How likely is it that Apple buy Microsoft some time in the next 5 years? You’d probably assign a near-zero probability to this outcome. One in a million, or billion. It’d never happen.
Now let me tell you a story.
In the wake of the failed Yahoo merger and the botched Vista release, Microsoft’s board kick out Steve Ballmer. They try to persuade Bill Gates to return as CEO. He refuses, preferring to focus on his philanthropic activities. The board decide that fresh blood is needed to invigorate Microsoft. They bring in Lou Gerstner, the man who turned around IBM in the 1990s. Ray Ozzie and a number of other senior executives resign in protest. Gerstner, under pressure from shareholders, decides that something big must be done. He fires 50% of Microsoft’s 80,000 employees and splits the company up. He sells off various divisions: Nintendo buy the entertainment division, SAP snaps up the business software group, Google buys Microsoft Live, and so on. The rump that’s left focusses on Microsoft’s most profitable businesses: the operating system and Microsoft Office.

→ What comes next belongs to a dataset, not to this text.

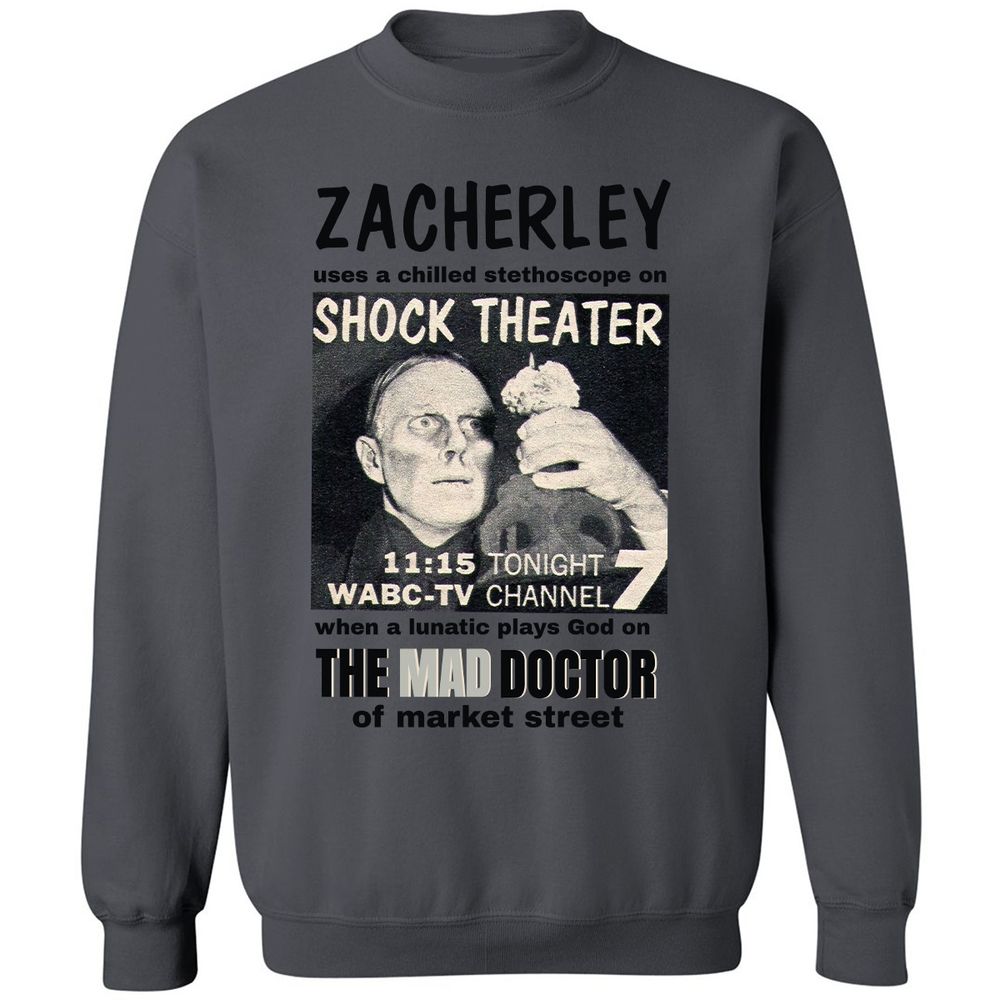 Classic Unisex Sweatshirt - UHBWFU1Y - Charcoal - 7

In the meantime, Apple goes from strength to strength. Apple releases a web-based office system in 2009. It starts stealing market share from Microsoft Office, just like Microsoft did from Wordstar almost two decades previously. Windows 2009 gets bogged down, and Apple’s MacOS 11 and MacOS 12 start to hammer Microsoft on the desktop. By the time Windows 2009 ships in 2012, most server-based computing is taking place in Google and Amazon’s cloud.

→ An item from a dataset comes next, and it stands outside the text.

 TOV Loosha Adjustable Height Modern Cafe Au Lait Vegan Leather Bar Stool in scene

At the end of 2012, KKR, a private equity firm, makes Microsoft’s shareholders an offer they cannot refuse. They take Microsoft private. KKR attempt to turn it around, but fail. In 2013, they try to sell it. Steve Jobs buys it, just to thumb his nose at Bill Gates.
How likely do you think that scenario is? Maybe it’s one in a hundred, or one in a thousand. If you’re normal, with the usual cognitive biases that make you normal, then you’ll rate this scenario as more likely than the stark "Apple buy Microsoft" one.

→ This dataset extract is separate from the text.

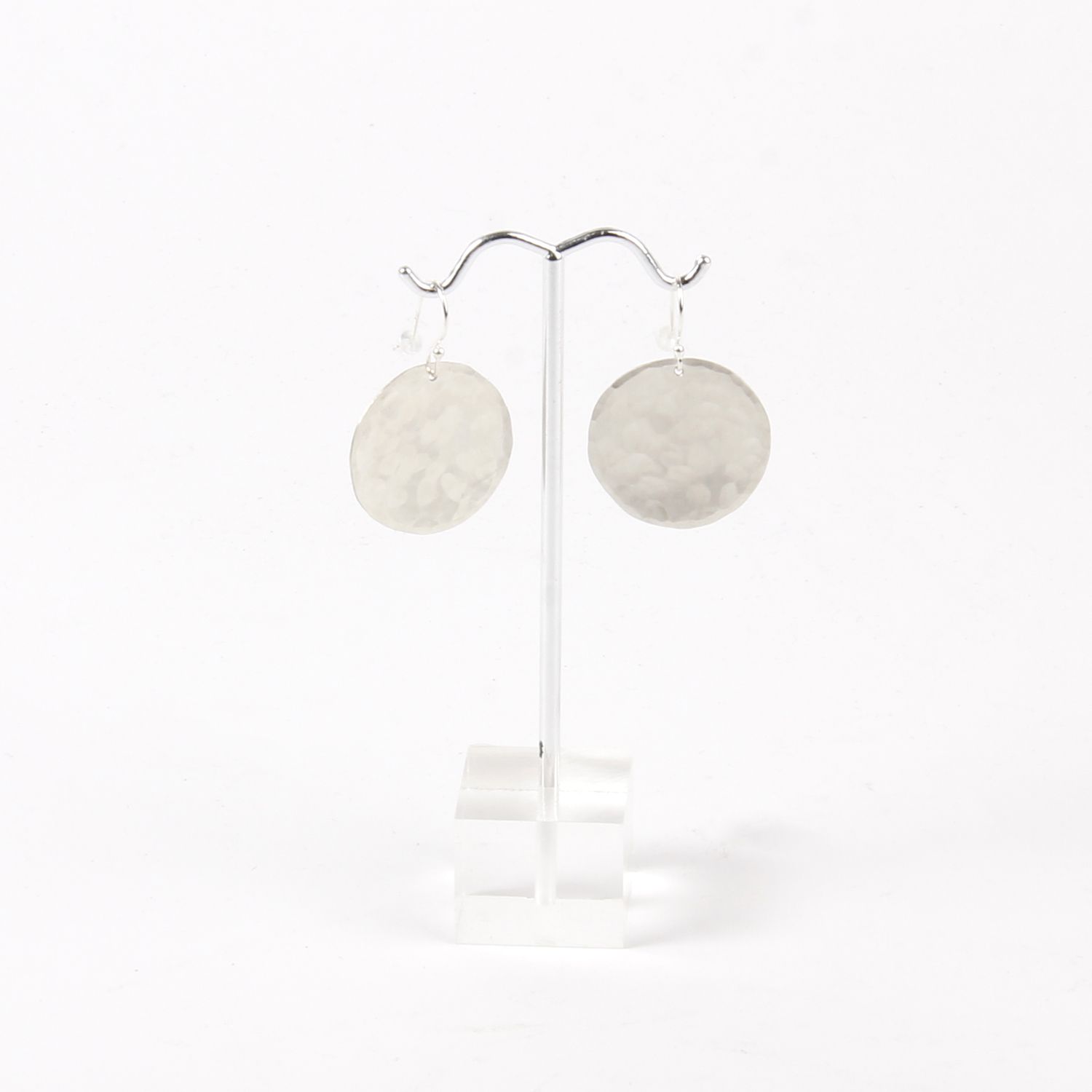 Enarmoured Jordan Clarke: Disc Silver Earrings Product Image 1 of 2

Of course, that’s illogical. My story is only one of many possible scenarios that could lead to Apple buying Microsoft, so it must have a smaller likelihood.
But it turns out that our minds aren’t rational machines. My story is a series of concrete, incremental steps, each with a fairly low probability. To get the probability of the whole story you need to multiply all those small probabilities together. If you do that, you’ll get a near infinitessimal probability. Our brains aren’t very good at that multiplication though. Instead, we hear a good yarn, find it plausible, or at least possible, and then apply some kind of misguided heuristic to get the wrong answer.
The way we misjudge probabilities is explored by Massimo Piattelli-Palmarini in his excellent Inevitable Illusions – How Mistakes of Reason Rule Our Mind. He describes a study that Tversky and Kahneman, two cognitive psychologists, carried out in the middle of the Polish crisis in the early 1980s. They asked various political leaders and generals to evaluate the probability that the USA would withdraw its ambassador from the Soviet Union. They then asked the same people to evaluate the probability that both (a) The USSR would invade Poland AND (b) as a consequence, the USA would withdraw its ambassador from the USSR.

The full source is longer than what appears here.